Experimentación, embriones y animales
P. Fernando Pascual
22-9-2012
Hay quienes piensan que experimentar con embriones humanos permitirá importantes progresos en
la medicina. Por lo mismo, consideran que es oportuno, incluso necesario, dejar abierta esta vía de
investigación para así dar esperanzas a millones de enfermos.
Al mismo tiempo, hay quienes rechazan la experimentación con animales. Consideran que los
animales tienen ciertos “derechos” y no pueden ser tratados simplemente como material biológico,
ni siquiera cuando los experimentos sobre animales sirvan para descubrir importantes terapias para
los seres humanos enfermos.
Si consideramos juntas estas dos posiciones, resultaría que hay animales defendidos y seres
humanos desamparados en su primera etapa de vida. Esos animales contarían con aliados
convencidos, que buscan una y otra vez maneras que reciban un trato “adecuado”. Al mismo
tiempo, embriones humanos serían vistos simplemente como material biológico valioso, para usar y
tirar, por lo que estarían mucho más desprotegidos que ciertos animales, como ocurre ya en aquellos
países que ponen serios obstáculos legales a la experimentación con animales mientras permiten el
uso de embriones humanos en algunos experimentos.
Alguno observará, y con razón, que un ratón o un mono están mucho más desarrollados que un
pequeño embrión humano. Además, el ratón y el mono se mueven, dan señales de sensibilidad,
incluso pueden emitir sonidos. El embrión humano, en cambio, es tan pequeño y tan “incapacitado”,
que no aparecería ante los ojos del observador como un ser digno de respeto, sino simplemente
como un puñado de células más o menos organizado.
Sin embargo, entre el embrión humano y el ratón hay una diferencia profunda: el primero pertenece
al género humano y el segundo no. Y los miembros del género humano tienen un estatuto particular
que les hace dignos de derechos.
Ese es el planteamiento que ha generado lo que conocemos como “derechos humanos”, que valen
para todos los seres humanos, sin discriminaciones debidas al tamaño, al coeficiente intelectual, al
sexo o a otras características. Si un ser humano es un sujeto de derechos, su vida vale mucho más de
lo que pueda valer la vida de un animal más o menos simpático.
Hay quienes, no podemos negarlo, rechazan la validez de los derechos humanos, o consideran que
no todos los seres humanos tienen los mismos derechos. Este tipo de posturas se explica desde
planteamientos que justifican discriminaciones: tienen dignidad y derechos aquellos seres humanos
que reúnen ciertas características, y no los tienen quienes no llegan a esas características.
Pero, ¿cuáles son esas características? ¿Y quién las establece y según qué criterios? Existen al
respecto muchas posibilidades y teorías, que van desde los racistas (tienen derechos los que son de
tales razas) hasta los “tamañistas” (tienen derechos quienes han llegado a cierto tamaño en su
desarrollo), pasando por los que se fijan en el sexo, o en el coeficiente intelectual, o en el rédito, etc.
Pero si el ser humano posee dignidad propia y tiene derechos, es simplemente en cuanto ser
humano, no en cuanto reciba una etiqueta de calidad otorgada según criterios variables y arbitrarios.

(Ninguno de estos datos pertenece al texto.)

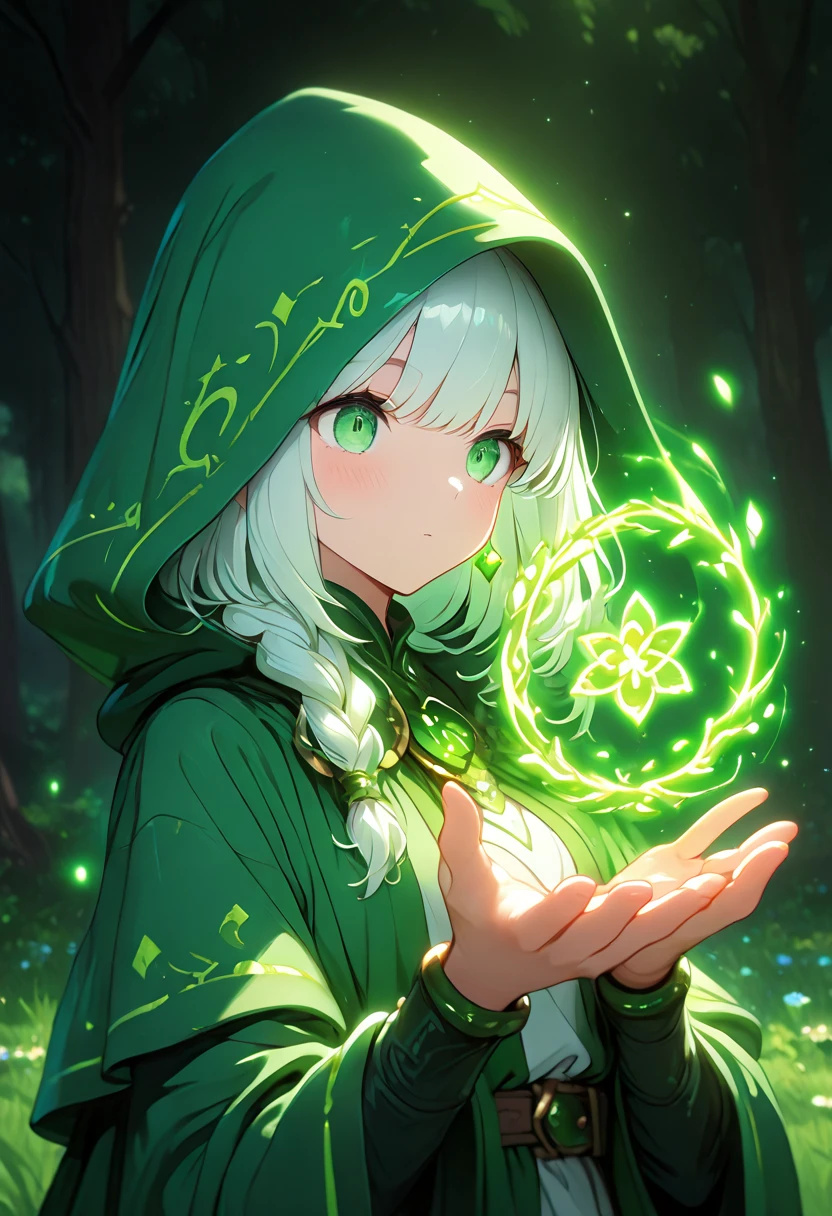 Masterpiece (quality), 1girl, green hair, green eyes, black magical robe with green details, green magic wings, holding up her hand to cast spell bind where there is a glowing clover symbols on it. magical forest with flowers in background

En el mundo en el que vivimos es posible escuchar todo tipo de teorías. Pero caemos en una
situación paradójica e injusta si ocurre, como de hecho ocurre, que hay países donde golpear a
ciertos animales es castigado por la ley mientras que la eliminación de los hijos en el seno de sus
madres (aborto) es reconocido como un “derecho”.
No hay justicia allí donde un ser humano, por su pequeñez o por otros motivos, es tratado con una
violencia injustificada. Al revés, la justicia empieza allí donde cada ser humano, pequeño o grande,
sano o enfermo, rico o pobre, es tratado y defendido en sus derechos fundamentales, empezando por
el derecho básico: el que tiene a ser respetado en su propia vida.